My camera ... my life and my love ... was my Aladdin’s lamp.* (Weegee)
Weegee (Arthur Felig), a poor immigrants’ son turned famous New York photographer was well aware of the allure and effectiveness of transformation. Apparently, he used to change the captions of his photographs, recycling his images with new stories in order to sell them on to different publications.** He understood that the image could stay the same, however perception of the image could be changed again and again to create new possibilities for his viewers – and ultimately, profit for himself. For Weegee, appearances and meanings were slippery, interchangeable and endless.
Like Weegee, Mary MacDougall is interested in the translation of photographic images, and shares his appreciation for strange displays of theatricality.
Earlier this year MacDougall painted a series of images of Phil Spector during his notorious 2008 court appearances where he dressed in ridiculous, almost cartoon-like attire. There was something fascinating in the way that he presented himself – each outfit displayed effort, imagination and high regard for appearances and while his costume changed, his strangely blank expression seemingly never did. It wasn’t so much his crime or persona that interested the artist, but the weirdly appealing spectacle of his continual transformation.†
Transformation and translation are key ideas explored in MacDougall’s practice. Her paintings are based on photographs that she finds, often in online newspapers, or on photographs that she takes herself. With pieces of textured glass placed over the lens of her camera, MacDougall has taken photographs of friends making strange shapes with their bodies, as well as strangers on the street. From images where the singular perspective of the lens has been disrupted by undulating, patterned glass, strange shapes appear. These forms are then translated into paintings and through this painting process a series of inversions and contradictions become apparent.
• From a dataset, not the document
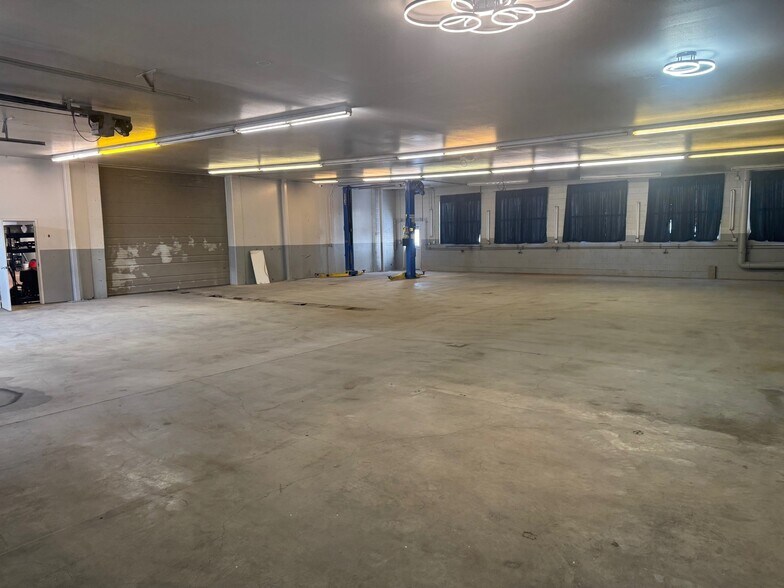 More Photos Of 700 Northgate Mile, Idaho Falls Auto Dealership For Lease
By painting onto glass, an understanding of linear progression is gently confused; all of the marks made by MacDougall are visible and equal – from an initial sketch to the filling in of the work with smudges of colour made unpredictable due to the slippery nature of oil on glass. There is no painting ‘over’ something, but as the artist pointed out, the paint can be easily scraped off, making the process both fragile and simple – the artist has less to lose and more to play with when there’s an inherent experience of chance and when unwanted marks can bevanished.‡
The works offer countless possibilities. As paintings, they mimic photography as to look at through the smooth surface of glass, like the lens of a camera or a computer screen, albeit without a frame, which only heightens a feeling of fleeting light and spaciousness. Using glass gives the artist the opportunity to make tracings or prints in endless reproductions. The paintings can also be viewed as sculptural objects, displayed on neat, white shelves suggestive of an exhibit.
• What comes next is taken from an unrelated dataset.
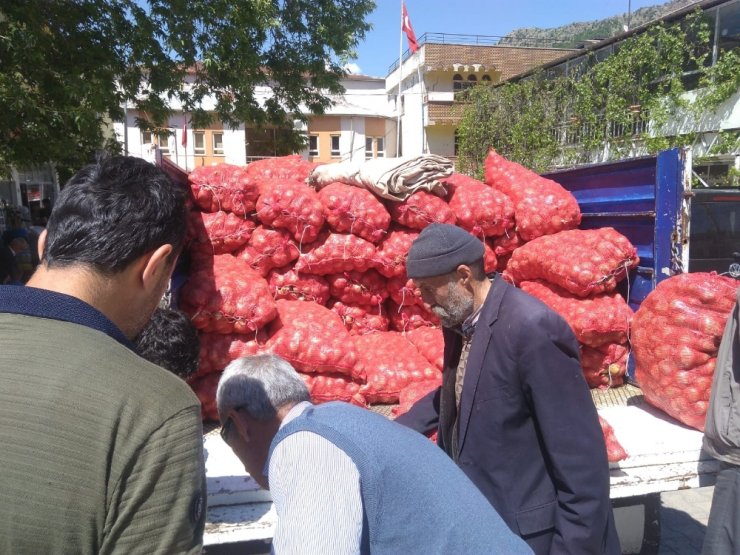 Soğanın kilogramı 1 liraya düştü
This element of display or theatre is an important aspect of MacDougall’s work. There’s the strange comedy and performance of Phil Spector in costume at his court appearances; the hand-made, rizo-copied poster, titled Circular Quay Performance (2009); the paintings of a distorted boat – a lonely vessel for adventure or the stage for rich-playthings posing, and the image reproduced in the exhibition catalogue of the artist’s brother dressed wearing all of her jewellery – a ridiculous or perhaps banal moment of sibling shenanigans that suggests or recognises that photographic images are staged, ridiculous and magic things and that there’s a fine line between mundanity and wonder.
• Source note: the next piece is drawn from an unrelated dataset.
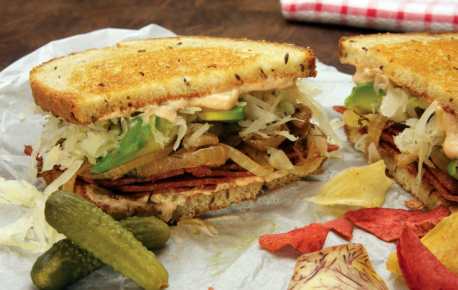 10 Dairy-Free Sandwich Spreads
* Arthur Felig, Weegee by Weegee: An Autobiography, New York: Ziff-Davos Publishing Company, 1961, p. 52 ** Virginia Heckert, ‘Weegee’s Story’, Weegee’s Story: From the Berinson Collection, Museum of Modern Art, Oxford, 1999 † Phil Spector is an American music producer and songwriter, known for his pioneering production technique and work
with 1960’s girl groups and artists including The Beatles, the Ramones and Leonard Cohen. At points in his career he became reclusive and threatening – drawing weapons on women and musicians he was involved with. In 2003, actress Lana Clarkson was shot in his home, and in 2009, after two court cases (one of which was televised), Spector was charged with her murder, although claimed to be innocent.